**Your task**: Nothing but the lines from the one containing "Newport Beach, CA" through the end of the entries below should be set down, each exactly as written.

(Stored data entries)

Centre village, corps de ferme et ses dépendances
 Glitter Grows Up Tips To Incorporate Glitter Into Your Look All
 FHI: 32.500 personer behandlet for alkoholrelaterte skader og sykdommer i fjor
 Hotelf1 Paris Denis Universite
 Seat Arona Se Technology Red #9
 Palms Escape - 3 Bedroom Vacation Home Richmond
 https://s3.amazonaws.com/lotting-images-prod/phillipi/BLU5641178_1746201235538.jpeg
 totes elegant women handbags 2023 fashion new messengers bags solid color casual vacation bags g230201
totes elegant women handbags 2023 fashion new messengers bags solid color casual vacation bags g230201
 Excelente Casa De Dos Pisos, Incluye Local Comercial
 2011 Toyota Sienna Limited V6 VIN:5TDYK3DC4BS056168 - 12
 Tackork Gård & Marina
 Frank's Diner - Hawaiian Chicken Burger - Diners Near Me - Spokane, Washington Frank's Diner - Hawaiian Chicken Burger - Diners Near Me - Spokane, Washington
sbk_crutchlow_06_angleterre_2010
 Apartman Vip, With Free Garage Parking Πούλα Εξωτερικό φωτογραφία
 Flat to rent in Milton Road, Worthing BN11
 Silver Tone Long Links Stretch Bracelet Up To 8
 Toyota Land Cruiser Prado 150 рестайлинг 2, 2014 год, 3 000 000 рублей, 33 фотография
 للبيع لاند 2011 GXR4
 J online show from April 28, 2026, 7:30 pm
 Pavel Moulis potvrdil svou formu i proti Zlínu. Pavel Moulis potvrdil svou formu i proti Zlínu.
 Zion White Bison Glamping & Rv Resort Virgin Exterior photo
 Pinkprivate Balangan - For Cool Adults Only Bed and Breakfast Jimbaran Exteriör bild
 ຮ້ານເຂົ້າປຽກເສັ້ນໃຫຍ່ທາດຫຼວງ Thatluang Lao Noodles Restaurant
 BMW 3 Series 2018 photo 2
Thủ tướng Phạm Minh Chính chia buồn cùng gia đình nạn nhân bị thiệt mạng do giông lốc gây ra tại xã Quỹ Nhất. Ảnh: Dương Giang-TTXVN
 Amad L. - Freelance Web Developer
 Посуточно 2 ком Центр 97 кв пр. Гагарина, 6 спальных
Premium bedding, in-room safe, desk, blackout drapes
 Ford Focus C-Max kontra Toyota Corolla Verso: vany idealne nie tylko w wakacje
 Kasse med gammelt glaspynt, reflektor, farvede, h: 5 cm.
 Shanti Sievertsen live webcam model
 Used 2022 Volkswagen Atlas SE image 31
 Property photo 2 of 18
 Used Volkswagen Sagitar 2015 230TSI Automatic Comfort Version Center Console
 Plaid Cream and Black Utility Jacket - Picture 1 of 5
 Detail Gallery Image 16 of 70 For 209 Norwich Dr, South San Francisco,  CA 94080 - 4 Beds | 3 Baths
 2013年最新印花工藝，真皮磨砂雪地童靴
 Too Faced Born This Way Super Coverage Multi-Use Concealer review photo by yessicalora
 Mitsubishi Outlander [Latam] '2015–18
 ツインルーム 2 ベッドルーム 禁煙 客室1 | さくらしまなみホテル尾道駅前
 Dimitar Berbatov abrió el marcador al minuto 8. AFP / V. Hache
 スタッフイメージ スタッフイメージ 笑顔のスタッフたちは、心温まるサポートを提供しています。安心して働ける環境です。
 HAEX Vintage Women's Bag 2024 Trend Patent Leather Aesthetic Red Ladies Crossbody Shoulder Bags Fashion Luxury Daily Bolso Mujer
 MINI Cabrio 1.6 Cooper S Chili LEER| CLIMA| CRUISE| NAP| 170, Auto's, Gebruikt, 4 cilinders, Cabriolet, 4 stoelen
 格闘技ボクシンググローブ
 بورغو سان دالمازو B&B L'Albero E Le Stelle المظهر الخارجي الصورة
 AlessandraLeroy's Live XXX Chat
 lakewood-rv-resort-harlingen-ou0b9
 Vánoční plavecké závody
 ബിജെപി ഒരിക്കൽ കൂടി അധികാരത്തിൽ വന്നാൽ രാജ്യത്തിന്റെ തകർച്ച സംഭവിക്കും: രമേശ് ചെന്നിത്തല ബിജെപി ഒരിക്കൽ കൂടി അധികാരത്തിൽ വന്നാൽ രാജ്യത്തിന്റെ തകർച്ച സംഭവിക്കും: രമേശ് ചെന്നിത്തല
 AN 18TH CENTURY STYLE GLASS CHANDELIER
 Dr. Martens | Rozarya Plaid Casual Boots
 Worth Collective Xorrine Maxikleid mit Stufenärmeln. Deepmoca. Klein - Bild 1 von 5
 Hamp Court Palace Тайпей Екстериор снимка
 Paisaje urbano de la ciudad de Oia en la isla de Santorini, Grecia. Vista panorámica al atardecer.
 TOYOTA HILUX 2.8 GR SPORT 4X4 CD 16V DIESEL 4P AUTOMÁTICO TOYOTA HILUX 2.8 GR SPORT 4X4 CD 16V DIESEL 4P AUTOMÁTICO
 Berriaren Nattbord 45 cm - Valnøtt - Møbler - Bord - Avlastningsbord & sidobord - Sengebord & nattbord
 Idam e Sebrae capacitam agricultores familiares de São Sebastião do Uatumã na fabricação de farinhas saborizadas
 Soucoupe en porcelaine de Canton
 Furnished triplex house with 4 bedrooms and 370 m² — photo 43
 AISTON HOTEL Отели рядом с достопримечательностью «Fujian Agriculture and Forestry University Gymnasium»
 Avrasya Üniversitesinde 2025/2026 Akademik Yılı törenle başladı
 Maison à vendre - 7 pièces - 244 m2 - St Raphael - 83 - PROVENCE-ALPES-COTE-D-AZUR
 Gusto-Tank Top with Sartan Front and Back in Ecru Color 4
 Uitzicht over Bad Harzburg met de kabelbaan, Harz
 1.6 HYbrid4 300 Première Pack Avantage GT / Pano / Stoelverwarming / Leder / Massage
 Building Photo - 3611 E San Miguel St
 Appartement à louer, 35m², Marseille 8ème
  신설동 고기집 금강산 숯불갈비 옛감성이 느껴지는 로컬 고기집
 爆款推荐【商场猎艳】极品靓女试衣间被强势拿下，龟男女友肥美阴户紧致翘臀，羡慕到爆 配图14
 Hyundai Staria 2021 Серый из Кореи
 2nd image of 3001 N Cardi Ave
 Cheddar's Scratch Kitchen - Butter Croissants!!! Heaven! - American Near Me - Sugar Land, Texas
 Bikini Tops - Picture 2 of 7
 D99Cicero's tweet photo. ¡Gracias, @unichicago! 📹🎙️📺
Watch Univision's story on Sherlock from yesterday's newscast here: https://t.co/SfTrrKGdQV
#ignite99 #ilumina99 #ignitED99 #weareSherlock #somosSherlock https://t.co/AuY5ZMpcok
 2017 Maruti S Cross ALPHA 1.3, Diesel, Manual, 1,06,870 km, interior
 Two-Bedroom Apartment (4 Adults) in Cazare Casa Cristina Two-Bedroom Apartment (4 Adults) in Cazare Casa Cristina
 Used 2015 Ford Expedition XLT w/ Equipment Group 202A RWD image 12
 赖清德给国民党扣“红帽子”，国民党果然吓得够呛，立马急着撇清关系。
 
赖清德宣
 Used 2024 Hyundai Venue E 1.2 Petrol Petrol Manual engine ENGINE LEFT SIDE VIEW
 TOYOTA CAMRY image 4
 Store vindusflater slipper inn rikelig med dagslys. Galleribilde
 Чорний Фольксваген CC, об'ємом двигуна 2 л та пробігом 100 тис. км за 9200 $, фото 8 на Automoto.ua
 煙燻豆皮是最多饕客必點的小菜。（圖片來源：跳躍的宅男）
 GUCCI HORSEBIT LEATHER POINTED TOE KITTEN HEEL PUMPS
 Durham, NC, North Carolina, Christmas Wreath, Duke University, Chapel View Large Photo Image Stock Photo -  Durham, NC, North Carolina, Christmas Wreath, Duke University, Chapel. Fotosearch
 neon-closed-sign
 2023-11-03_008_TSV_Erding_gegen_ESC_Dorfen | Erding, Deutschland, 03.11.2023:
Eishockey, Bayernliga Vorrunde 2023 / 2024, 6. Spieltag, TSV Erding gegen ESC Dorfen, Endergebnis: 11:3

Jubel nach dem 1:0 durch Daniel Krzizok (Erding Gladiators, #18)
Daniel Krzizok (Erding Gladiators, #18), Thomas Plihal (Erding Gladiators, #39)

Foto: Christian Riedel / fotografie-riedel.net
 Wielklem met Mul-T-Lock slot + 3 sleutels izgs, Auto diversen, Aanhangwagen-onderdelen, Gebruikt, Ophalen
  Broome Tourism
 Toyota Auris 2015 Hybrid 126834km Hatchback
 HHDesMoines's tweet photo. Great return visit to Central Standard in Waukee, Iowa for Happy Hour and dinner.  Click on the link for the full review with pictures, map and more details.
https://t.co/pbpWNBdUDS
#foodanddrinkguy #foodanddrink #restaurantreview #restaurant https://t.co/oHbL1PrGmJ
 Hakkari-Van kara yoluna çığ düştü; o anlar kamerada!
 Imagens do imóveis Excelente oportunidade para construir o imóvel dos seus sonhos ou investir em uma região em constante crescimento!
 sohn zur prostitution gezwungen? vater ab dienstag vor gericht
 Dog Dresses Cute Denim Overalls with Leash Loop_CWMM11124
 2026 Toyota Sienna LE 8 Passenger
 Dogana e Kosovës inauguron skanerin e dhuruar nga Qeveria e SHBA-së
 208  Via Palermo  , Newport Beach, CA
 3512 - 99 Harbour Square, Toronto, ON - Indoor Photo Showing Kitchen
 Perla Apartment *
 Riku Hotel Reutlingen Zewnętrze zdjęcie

**Completed task**:
 208  Via Palermo  , Newport Beach, CA
 3512 - 99 Harbour Square, Toronto, ON - Indoor Photo Showing Kitchen
 Perla Apartment *
 Riku Hotel Reutlingen Zewnętrze zdjęcie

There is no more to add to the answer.